Originally from Oregon, Lisa now resides with her Spanish husband on their farm in Catalunya where she runs a life coaching business in between adventures. Go on and read about her nine-month wilderness survival course, South American hitchhiking trip, and touching experience in a Syrian refugee camp.
Oh, and if you have even the slightest inkling of doing something you’ve been dreaming of but just aren’t sure how to go about it, I’d recommend signing up for Lisa’s free online event “Six Steps to Launch Your Dream” this Thursday, October 29.
A. Age you went on your first memorable trip
I was about six when my parents took my baby brother, older sister and me to San Francisco. My dad, who traveled a lot for business, used his airline miles to splurge on a stay at the St. Francis Hotel. My sister and I had our own suite that connected to our parents’. There was a rooftop indoor-outdoor pool. This was unbelievable luxury. We rode the trolley up the steep San Francisco streets and my parents let me and my sister ride standing on the outer step, inches away from touching the other cars in traffic. This was real adventure.
B. Best beer you’ve had and where
Anything on tap at Double Mountain Brewery in Hood River, Oregon. This is the favorite post-skiing, post-hiking, post-mountain biking hang out of my Oregon gang. I love our ritual of pizza and beer after a fun day playing outside in my home state.
C. Cuisine (favorite)
Mexican, hands down.
D. Destinations. Favorite? Least favorite? And why?

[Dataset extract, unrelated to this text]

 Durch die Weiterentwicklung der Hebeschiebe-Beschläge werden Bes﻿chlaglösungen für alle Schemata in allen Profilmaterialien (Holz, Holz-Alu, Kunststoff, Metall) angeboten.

My favorite destinations are those with the magical combination of sun, water, fun people and amazing food. I’m obsessed with Mexico. I love Hawaii and Thailand and can’t wait to go back to both. I’m very happy at home here in Catalunya too, where I get all these, plus the Pyrenees.
E. Event you experienced while traveling that made you say “wow”
I used to work in humanitarian aid, in communications. In March 2013, I went with one of my organization’s board members to visit Zaatari, the largest Syrian refugee camp in Jordan. It’s now home to some 80,000 refugees. I’d been in tent camps before, when I worked in Haiti after the 2010 earthquake. These camps must be some of the hardest places on earth to live.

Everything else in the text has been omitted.